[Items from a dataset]
+++
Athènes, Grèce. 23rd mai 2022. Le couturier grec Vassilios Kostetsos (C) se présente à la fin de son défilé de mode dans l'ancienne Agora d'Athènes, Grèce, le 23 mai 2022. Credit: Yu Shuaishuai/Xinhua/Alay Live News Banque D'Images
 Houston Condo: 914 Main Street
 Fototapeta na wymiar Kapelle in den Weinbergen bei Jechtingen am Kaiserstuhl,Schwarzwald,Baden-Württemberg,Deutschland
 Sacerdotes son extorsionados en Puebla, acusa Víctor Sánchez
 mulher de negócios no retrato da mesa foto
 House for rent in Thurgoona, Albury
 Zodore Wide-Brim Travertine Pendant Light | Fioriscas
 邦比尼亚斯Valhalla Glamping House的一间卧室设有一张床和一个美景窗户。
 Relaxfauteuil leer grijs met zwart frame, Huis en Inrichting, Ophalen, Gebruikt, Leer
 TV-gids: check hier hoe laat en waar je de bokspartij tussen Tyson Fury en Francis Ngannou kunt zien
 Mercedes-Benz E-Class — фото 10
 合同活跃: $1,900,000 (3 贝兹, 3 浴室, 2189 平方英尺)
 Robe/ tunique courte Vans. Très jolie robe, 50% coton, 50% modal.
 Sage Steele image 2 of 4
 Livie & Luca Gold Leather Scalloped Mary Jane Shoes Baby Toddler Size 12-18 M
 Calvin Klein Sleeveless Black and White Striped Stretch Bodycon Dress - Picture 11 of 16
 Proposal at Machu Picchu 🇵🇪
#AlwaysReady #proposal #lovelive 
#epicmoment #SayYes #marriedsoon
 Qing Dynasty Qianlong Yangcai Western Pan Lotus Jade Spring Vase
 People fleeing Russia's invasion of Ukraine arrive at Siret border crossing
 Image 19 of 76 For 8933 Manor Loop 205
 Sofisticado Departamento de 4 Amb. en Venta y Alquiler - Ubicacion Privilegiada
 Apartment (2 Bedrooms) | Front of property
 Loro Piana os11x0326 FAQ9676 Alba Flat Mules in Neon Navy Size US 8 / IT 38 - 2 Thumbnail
+++
§ What you have to do: From the data above, output exactly the lines between the one containing "House for rent in Thurgoona, Albury" and the one containing "Livie & Luca", counting both of them.

§ Output below:
 House for rent in Thurgoona, Albury
 Zodore Wide-Brim Travertine Pendant Light | Fioriscas
 邦比尼亚斯Valhalla Glamping House的一间卧室设有一张床和一个美景窗户。
 Relaxfauteuil leer grijs met zwart frame, Huis en Inrichting, Ophalen, Gebruikt, Leer
 TV-gids: check hier hoe laat en waar je de bokspartij tussen Tyson Fury en Francis Ngannou kunt zien
 Mercedes-Benz E-Class — фото 10
 合同活跃: $1,900,000 (3 贝兹, 3 浴室, 2189 平方英尺)
 Robe/ tunique courte Vans. Très jolie robe, 50% coton, 50% modal.
 Sage Steele image 2 of 4
 Livie & Luca Gold Leather Scalloped Mary Jane Shoes Baby Toddler Size 12-18 M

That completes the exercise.